* **What is needed**
Look below for the line that contains "Chaussure football Nike", then copy it and each following line to the end of the records, minus any pictures.

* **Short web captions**
○ ○ ○ ○
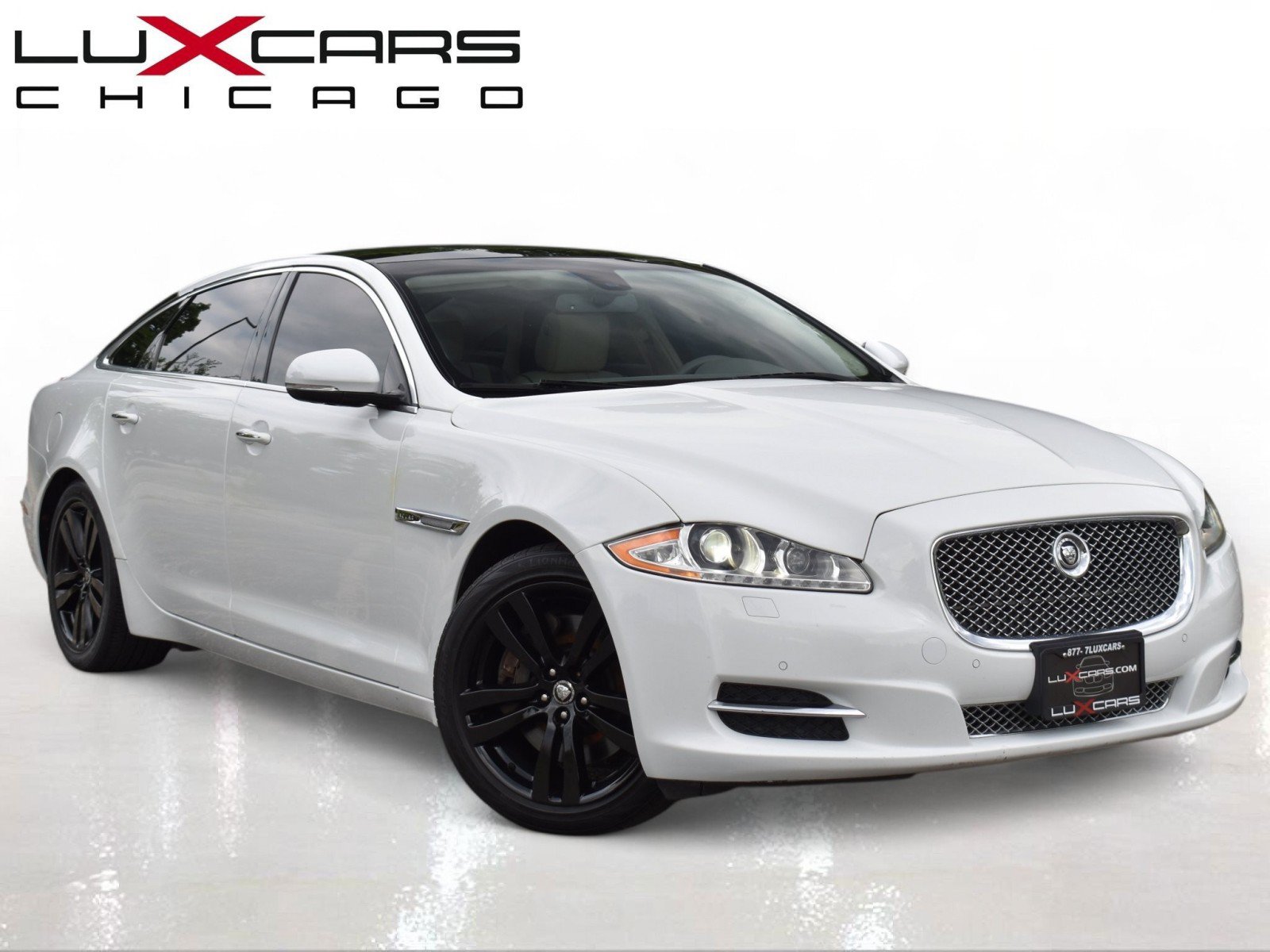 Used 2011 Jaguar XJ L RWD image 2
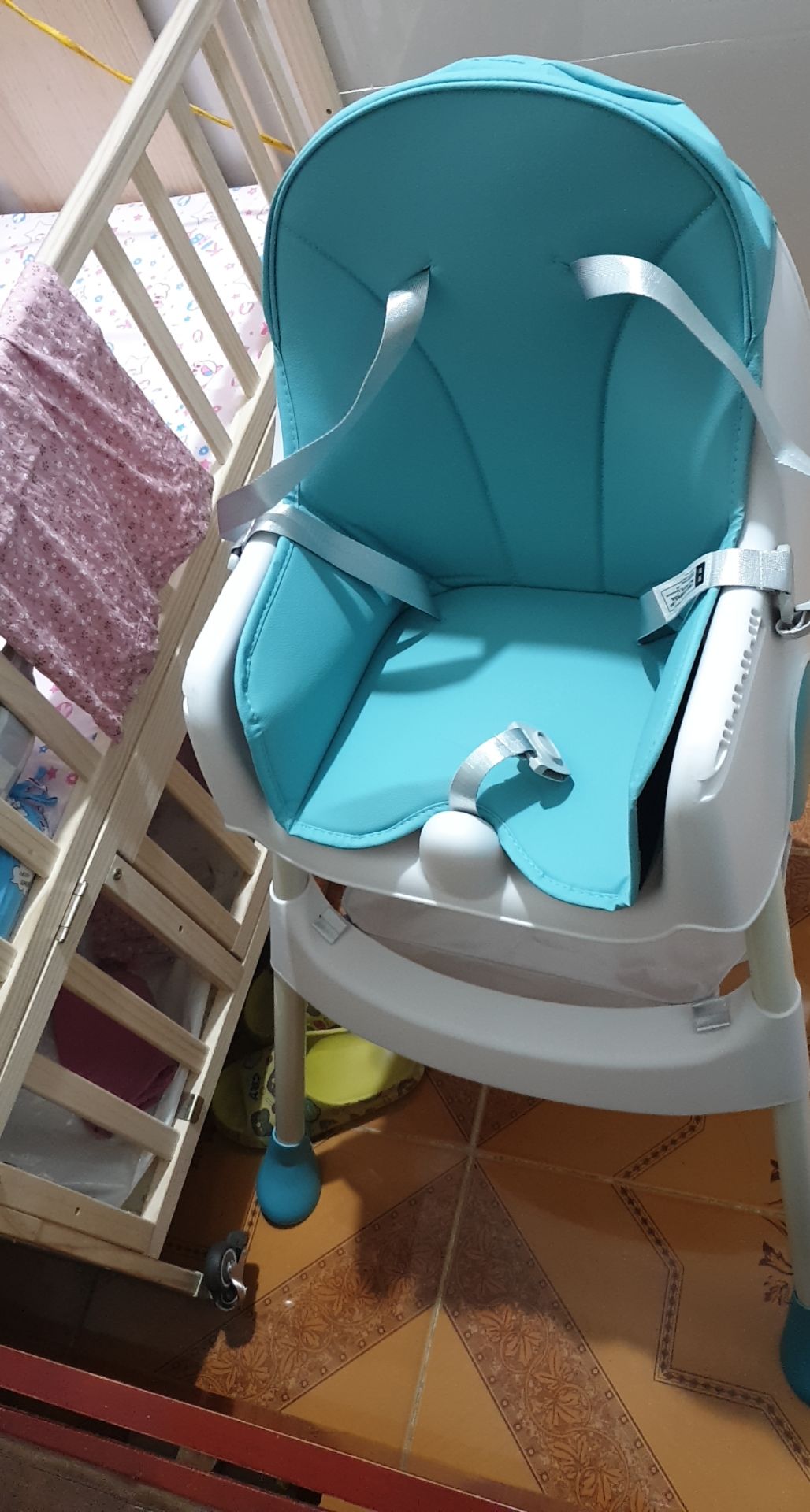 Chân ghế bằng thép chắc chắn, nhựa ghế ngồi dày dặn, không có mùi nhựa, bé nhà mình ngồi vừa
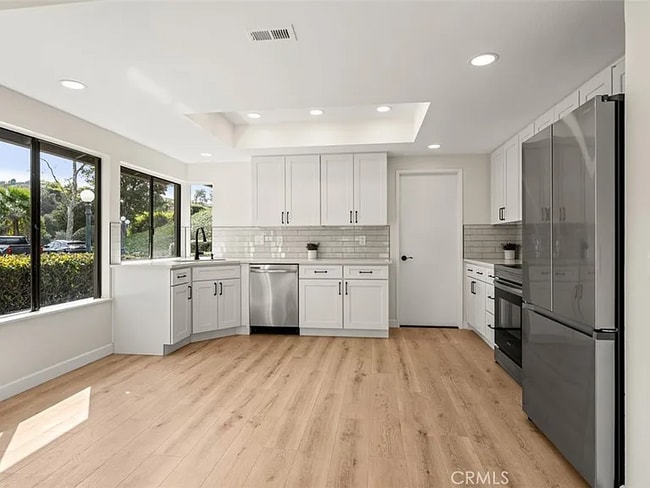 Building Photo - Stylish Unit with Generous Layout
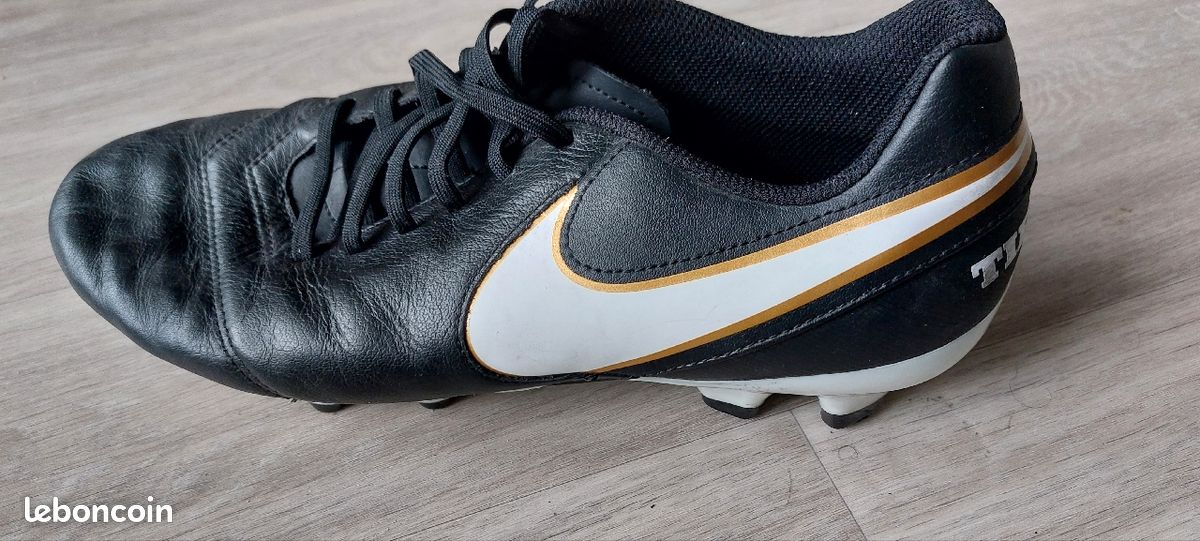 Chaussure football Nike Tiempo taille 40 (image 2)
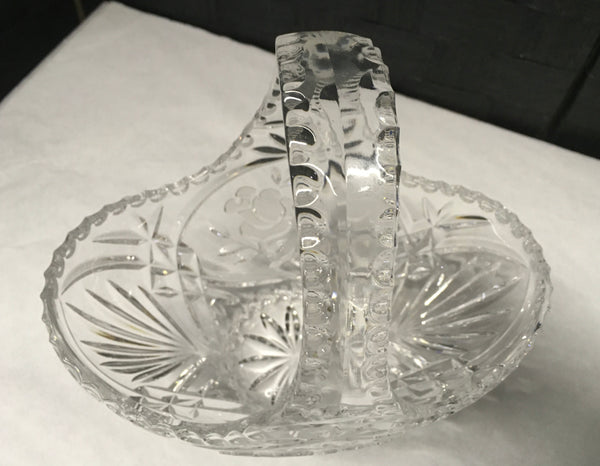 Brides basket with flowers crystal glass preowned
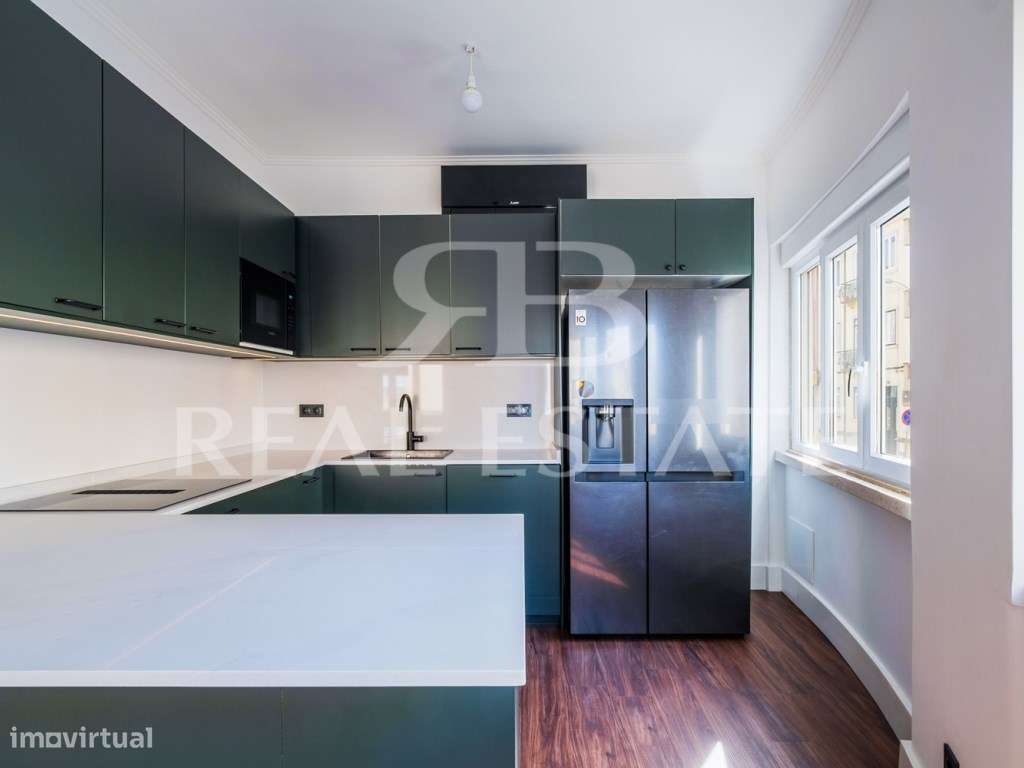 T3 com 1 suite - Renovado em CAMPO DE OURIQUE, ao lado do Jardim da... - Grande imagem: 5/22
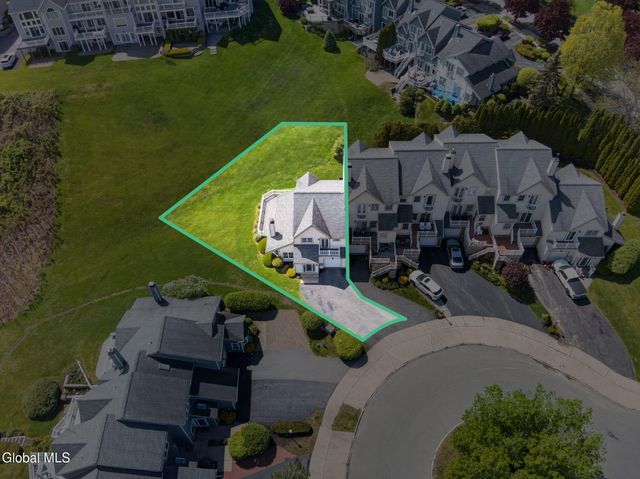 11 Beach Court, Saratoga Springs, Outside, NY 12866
○ ○ ○ ○
* **Solution to this task**
 Chaussure football Nike Tiempo taille 40 (image 2)
 Brides basket with flowers crystal glass preowned
 T3 com 1 suite - Renovado em CAMPO DE OURIQUE, ao lado do Jardim da... - Grande imagem: 5/22
 11 Beach Court, Saratoga Springs, Outside, NY 12866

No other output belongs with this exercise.